The Loop node iterates over a collection (an array) and executes its body once per item. It exposes three variables inside the loop body:

  • currentItem — the item for the current iteration
  • currentIndex — a zero-based index tracking which iteration is running
  • collection — the full array being iterated

After all iterations complete, the Loop produces an output array that aggregates the results from every iteration. Execution continues from the success handle.

A Loop node's Collection expression points to the array it iterates over, such as $vars.script1.output. The Parallel option runs all iterations at the same time instead of sequentially. Nodes connected to the loop output handle form the loop body, and the node connected to the success handle runs after all iterations complete.

Merging branches

After a Decision or Switch splits your process, use a Merge node when downstream nodes must run regardless of which branch was taken.

The Merge node accepts multiple incoming edges on its single input handle and produces one output. The last node of each branch connects to the Merge, and the process continues from the Merge output handle.

Hinweis:

Merge waits for the branch that actually executed — it doesn't wait for all incoming edges.

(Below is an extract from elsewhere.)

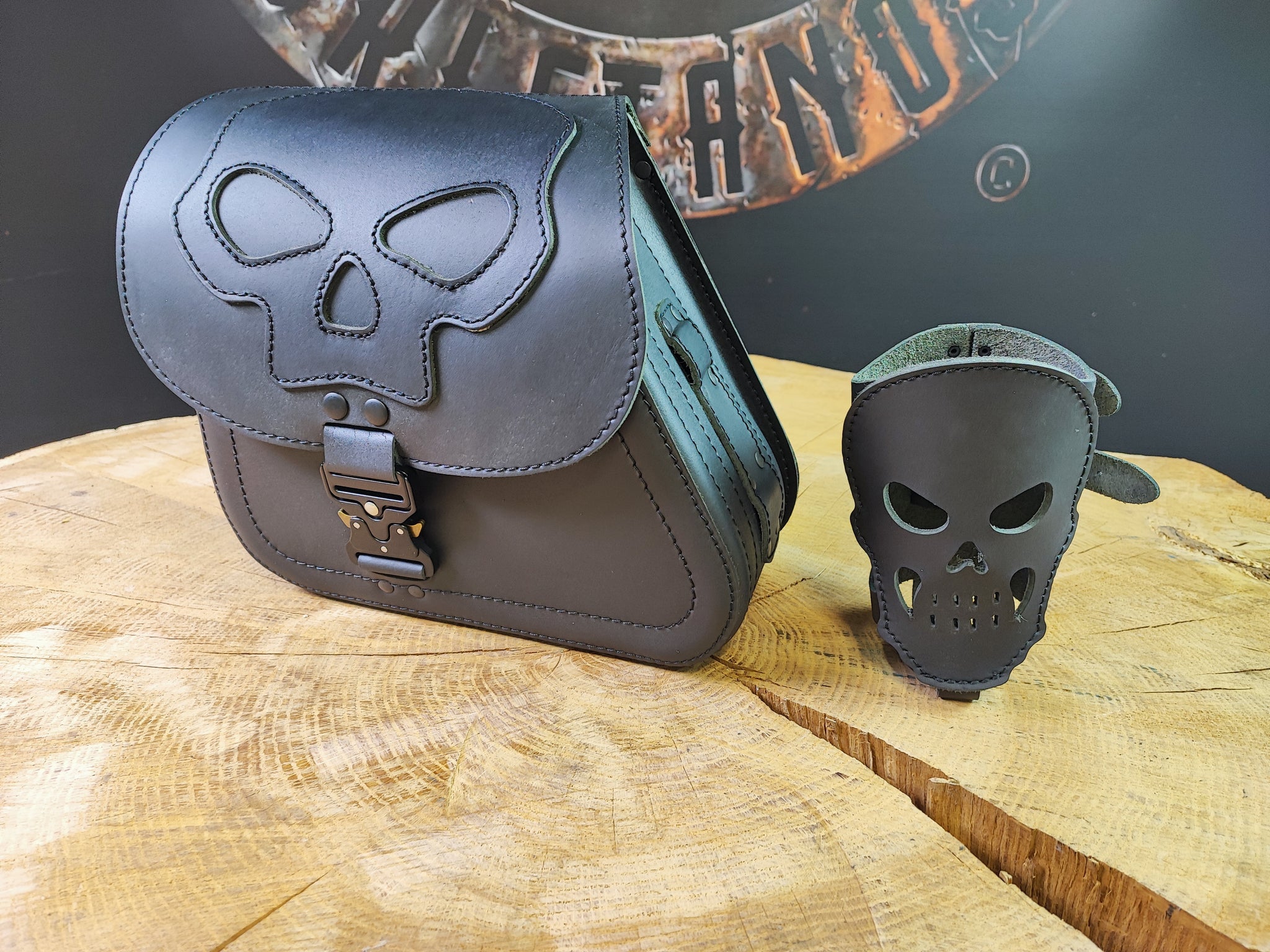 Dyna Skull Blackline Schwingentasche mit Flaschenhalter passend für Harley-Davidson Street Bob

Only the branch that received data during the current run passes through.

Practical example

Consider a process that fetches a list of support tickets, loops over each one, and routes high-priority tickets differently from the rest.

The process wires together five nodes:

  1. An HTTP Request node calls a ticket API and returns an array of ticket objects.
  2. A Loop node iterates over $vars.httpRequest1.output.body.tickets.
  3. Inside the loop body, a Decision node evaluates $vars.loop1.currentItem.priority === "high". The true branch connects to a Send Email node that alerts the on-call team; the false branch connects to a Script node that logs the ticket for later review.
  4. A Merge node connects both branches so the iteration completes cleanly regardless of which path ran.
  5. The Merge connects back to the Loop's loopBack input, and the Loop's success handle continues to the rest of the process.

This pattern — fetch, loop, branch, merge — covers a large portion of real-world automation scenarios.